Manager’s Use of Client’s Property for Vending Machines
Article 6, Part 5
REALTOR® A managed Client B’s large apartment building, and made an arrangement under which coin operated vending machines were placed in the basement of the building.
Six months after the machines were installed, Client B noticed them and raised a question to the propriety of REALTOR® A’s action in installing them, and deriving revenue from them, without Client B’s knowledge and consent. REALTOR® A’s response was that he had considered the machines a service to the tenants which in no way affected Client B’s interests. He told Client B that he did derive a small amount of revenue from them, which had not been remitted to Client B because he felt that this revenue compensated him for his time and effort in arranging for installation of the machines and maintaining contact with the ﬁrm that operated them. He suggested that if Client B was unhappy he could seek a formal ruling by submitting the matter to the Professional Standards Committee of the Board of REALTORS®.
Accordingly, Client B did just that.

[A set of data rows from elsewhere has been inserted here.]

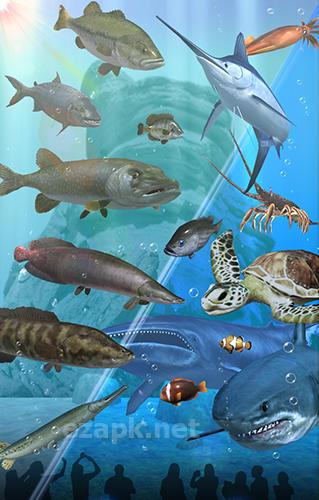 Fishing season: River to ocean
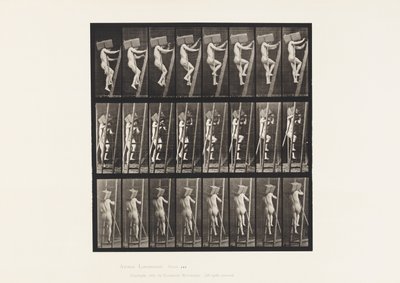 Tablica 405. Wnoszenie cegieł po drabinie, 1872-1885 autorstwa Eadweard Muybridge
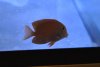 3:18 Fish 2.jpg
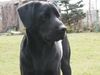 Flat Coated Retriever Foto: black beauty (gina) (ID 12027) Flat Coated Retriever Hund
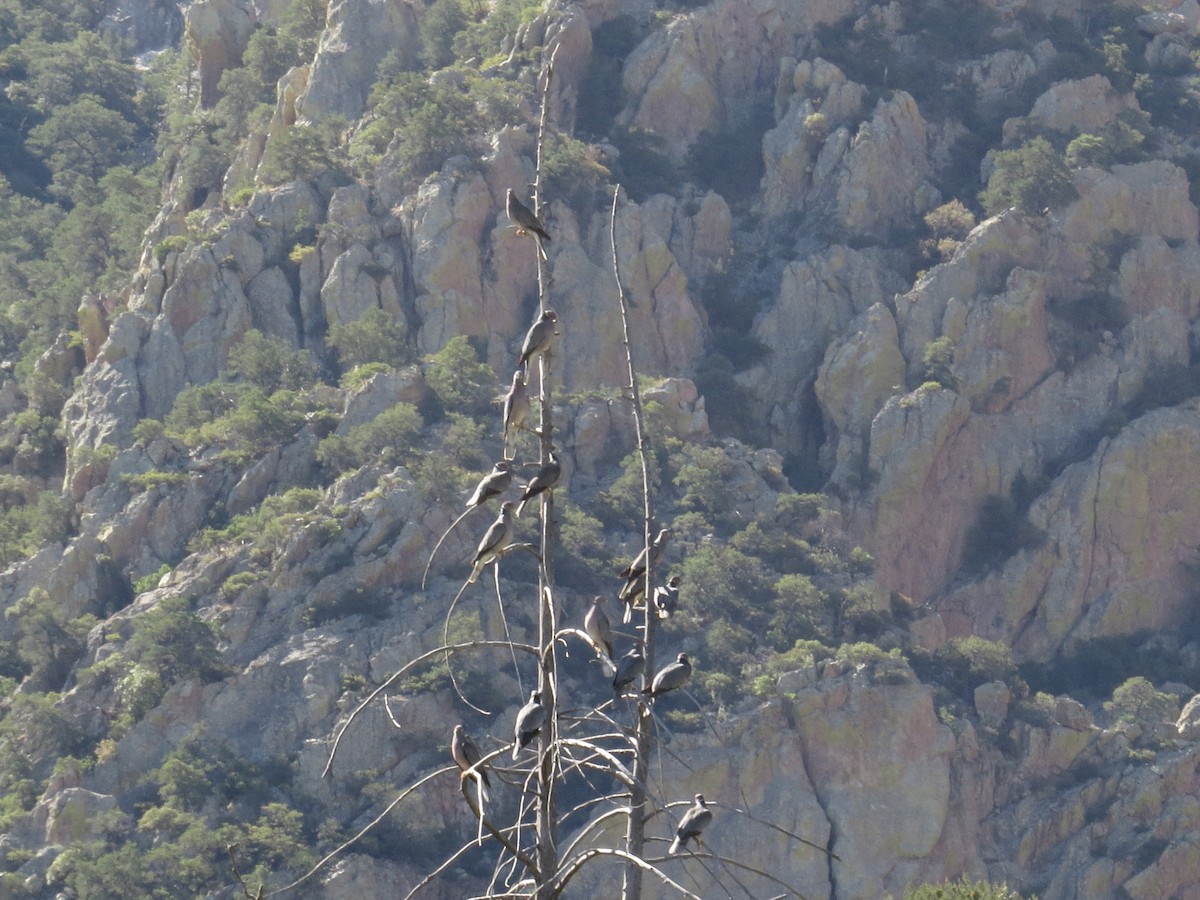 Band-tailed Pigeon - ML620404420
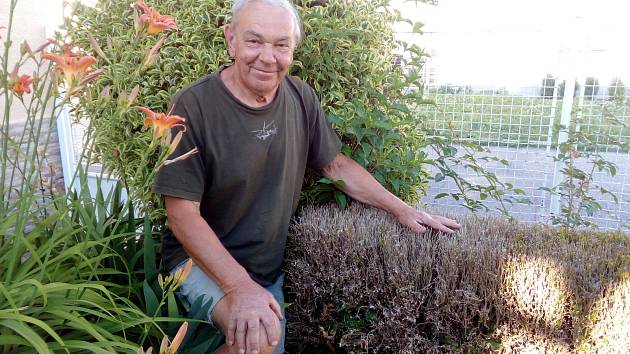 František Malota ze Zlína musí vykopat a vyhodit přes 40 let starý živý plot - zlikvidoval ho zavíječ...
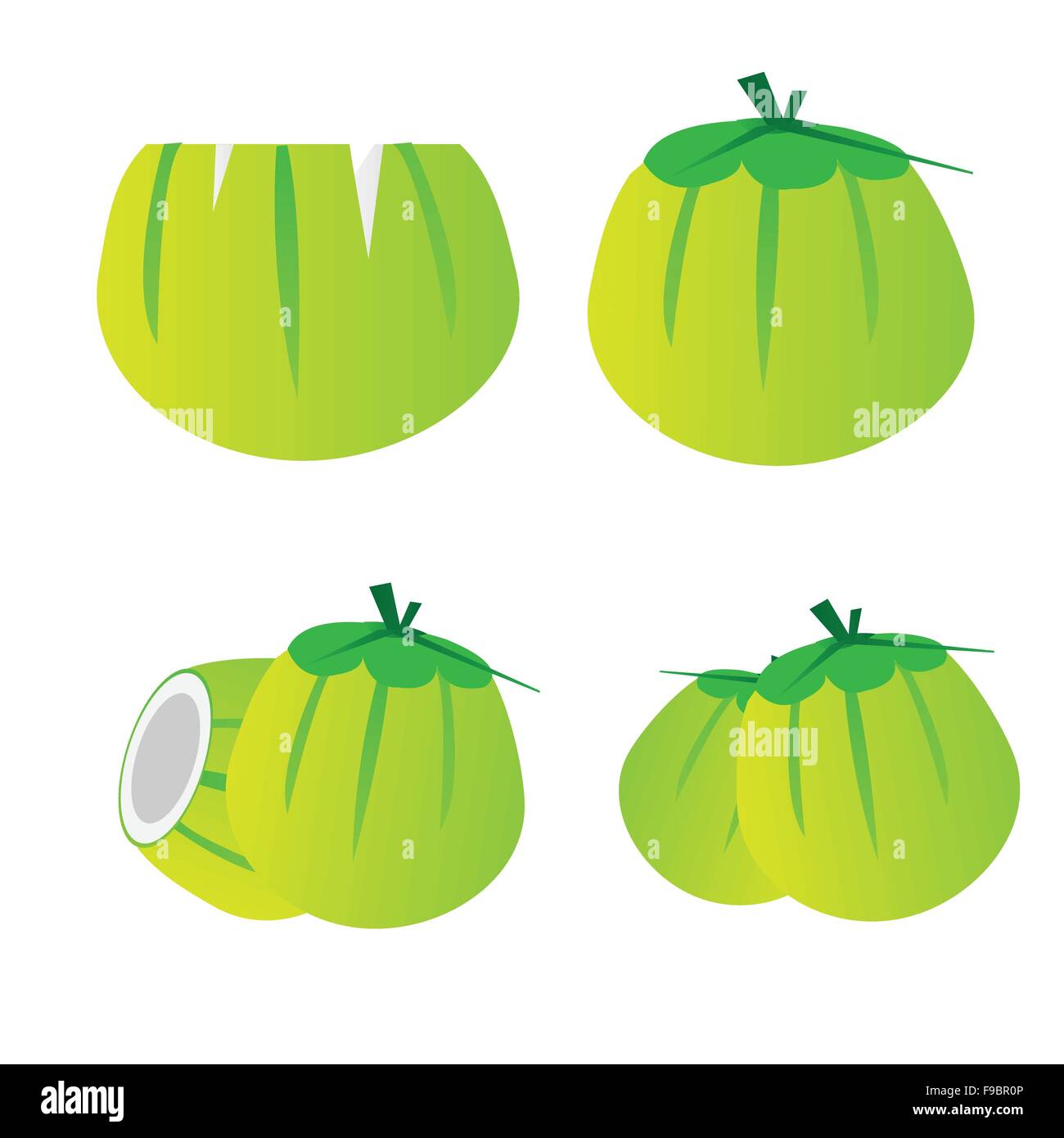 Yung coconut vector set Illustration de Vecteur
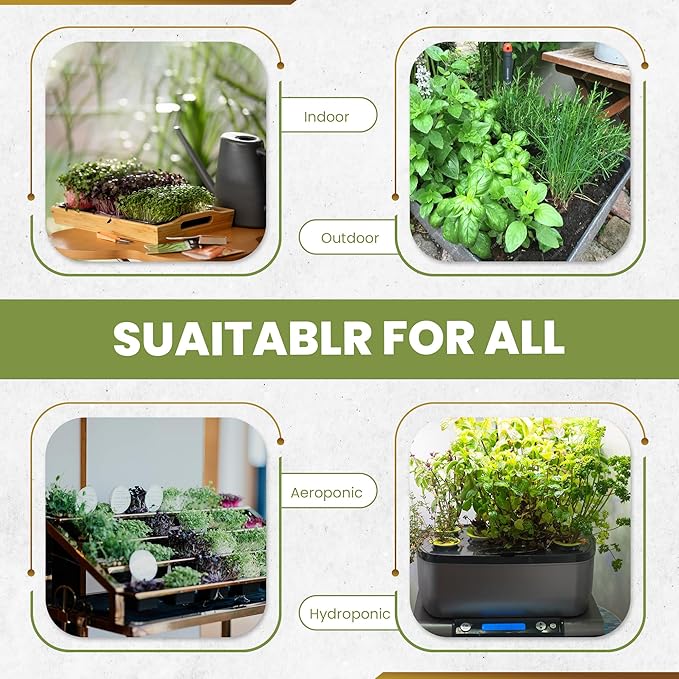 Herb Seeds 27 Varieties Liquidirt Heirloom Culinary and Medicinal - Over 12,000 Seeds - Non-Hybrid and No Chemicals and Non-GMO Survival Garden Seed Bank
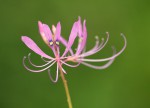 Cleome macrophylla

At a hearing on the matter it was established that REALTOR® A had not consulted his client at the time he authorized installation of the machines; that revenue derived from operation of the machines had been retained by REALTOR® A; and that Client B had been furnished no information whatever in the matter until he observed the machines in his own periodic inspection of the building.
It was the conclusion of the Hearing Panel that, whether or not the presence of the machines was a service for the tenants, the giving of authority for their installation was in effect a rental of the space they occupied; and that, in the absence of any disclosure to the owner, REALTOR® A was in violation of Article 6 of the Code of Ethics.